Good Engineering Practices
- Avoid “magic numbers”. Define them in some way. Simplest is an (all caps) global Python variable, but there are other ways.
- Use print statements to make the behavior of your code more transparent to you.
- Aternatively write print statements which print out a list of numbers, separated by commas. That way you can capture those in a file, load them into a spreadsheet or script and look at the data visually
- Learn to use the python debugger
- Remember YAGNI - You’re not gonna need it. Implement and test one case before going to the more complicated case. For example, the case where the robot is pointing paralel to the wall and at the right distance. Can you get it to maintain that. Once you have that, try it when the robot is too far.
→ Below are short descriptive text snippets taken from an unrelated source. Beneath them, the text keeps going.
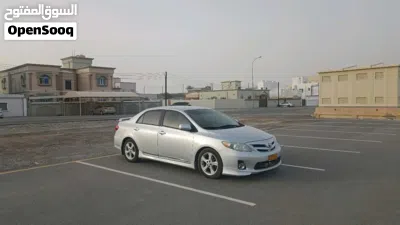 Toyota Corolla LE 2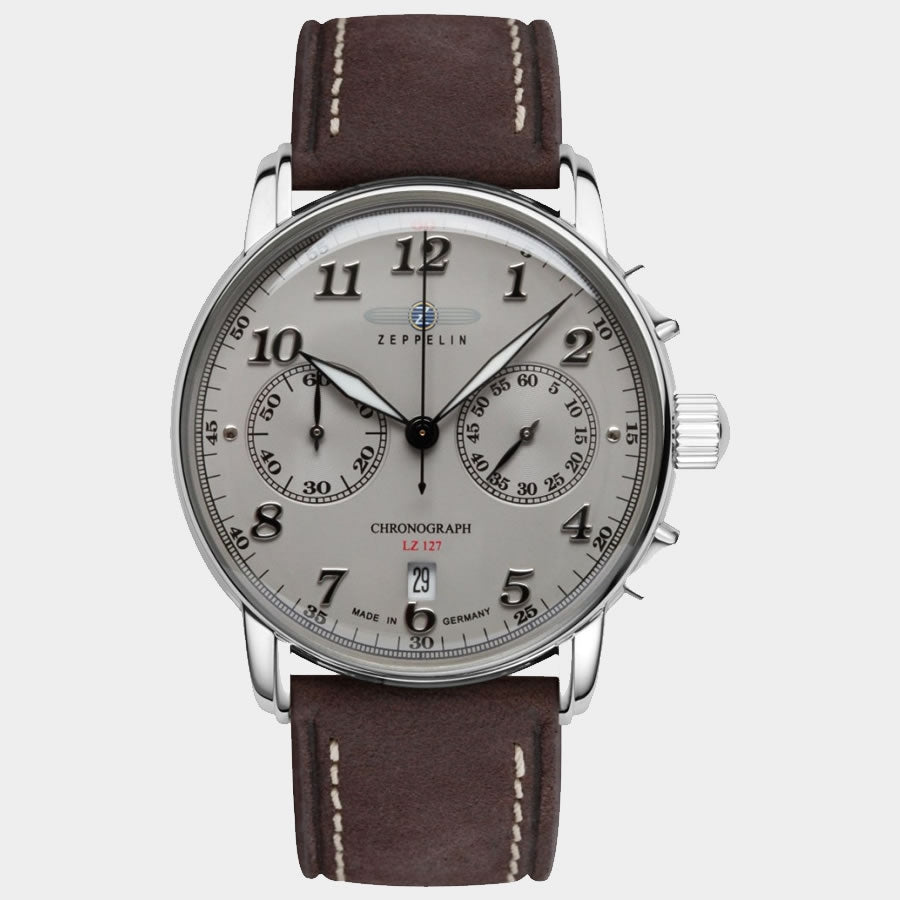ZEPPELIN 8678-4 LZ127 Collection Watch image 2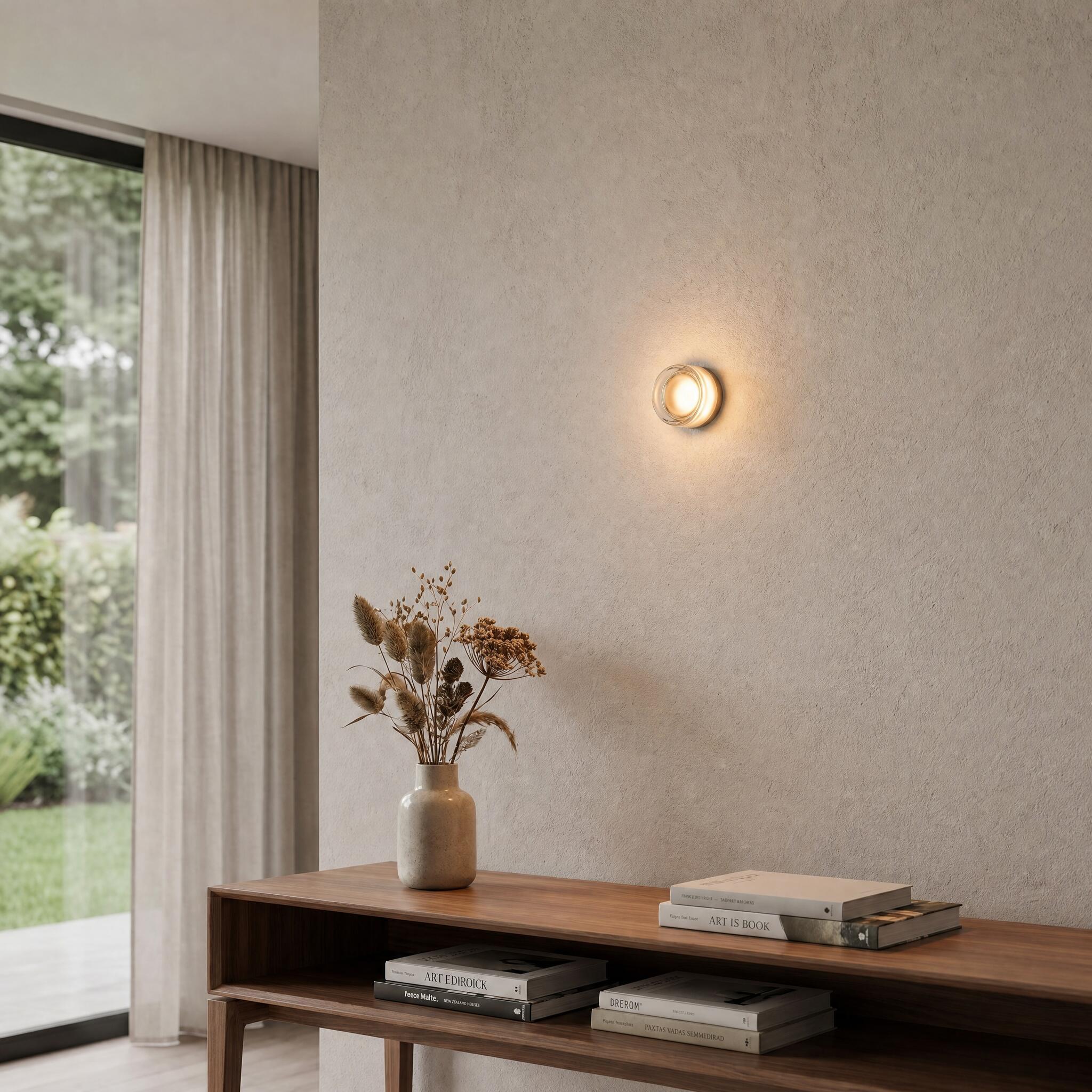 VK Light Glace LED fali lámpa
Then not eactly parlel.
Practical Tips
- Put print statements to let you see a log of actions while you are debugging
- Get a feel for what kind of data the
scan
topic publishes by moving the robot around in Gazebo and executing rostopic echo scan
on a separate terminal.
- Change the
fixed_frame
in RViz from odom
to base_link
to make RViz graphically display the LIDAR readings.
- Typically, forward motion are positive cmd_vel linear.x and counter clockwise rotation is positive angular.z.
Resources and Tips
Deliverables
- ROS Package with
- Commented Python source code file
- README with specific instructions on how to run it
- Correct package.xml CMakeLists.txt
- Video of your program running in gazebo or the lab
Filled in by Ephraim (ezimmerman@brandeis.edu for questions)
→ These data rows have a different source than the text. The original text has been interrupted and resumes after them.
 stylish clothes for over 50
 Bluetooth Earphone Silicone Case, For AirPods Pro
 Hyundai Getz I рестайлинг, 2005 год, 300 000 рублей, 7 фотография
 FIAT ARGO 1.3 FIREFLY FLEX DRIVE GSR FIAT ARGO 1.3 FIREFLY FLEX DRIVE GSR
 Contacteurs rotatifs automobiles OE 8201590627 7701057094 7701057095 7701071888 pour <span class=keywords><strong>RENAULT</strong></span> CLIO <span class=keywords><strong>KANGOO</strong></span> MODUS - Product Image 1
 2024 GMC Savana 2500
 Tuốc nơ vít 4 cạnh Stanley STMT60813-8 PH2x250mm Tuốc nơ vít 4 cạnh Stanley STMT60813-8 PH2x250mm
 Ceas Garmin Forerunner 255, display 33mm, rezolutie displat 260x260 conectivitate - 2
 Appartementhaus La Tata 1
Please follow the following steps for a successful submission:
Video submission:
- Record your video submission.
- Upload the video file to Google Drive and ensure that “Anyone with the link” is selected on the sharing tab.
- Copy/paste this link as an inline comment below the import statements in the wall_follower.py file. DO NOT remove the
#!/usr/bin/env python3
present on the first line of the code.
Code submission:
Note added 9/19/24: This is different from Basic Mover
- Navigate to
/my_ros_data/catkin_ws/src/cosi119_src
in your cluster account VSCode view.
- Compress the assignment:
zip -rv wall_follower_<brandeis email prefix>.zip wall_follower/
. Replace with your email prefix. For example, ezimmerman. After you run the command, wait about 10 seconds, then refresh your browser. It should appear in your cosi119_src/ directory.
- The previous step will generate a .zip file. Right click it, then press download. This will download the files onto your machine.
- Upload the zip file, named, for example, maze_solver_ezimmerman.zip, to the Moodle submission. We recommend opening the zip and making sure all of your files are there (and the compression is not corrupted).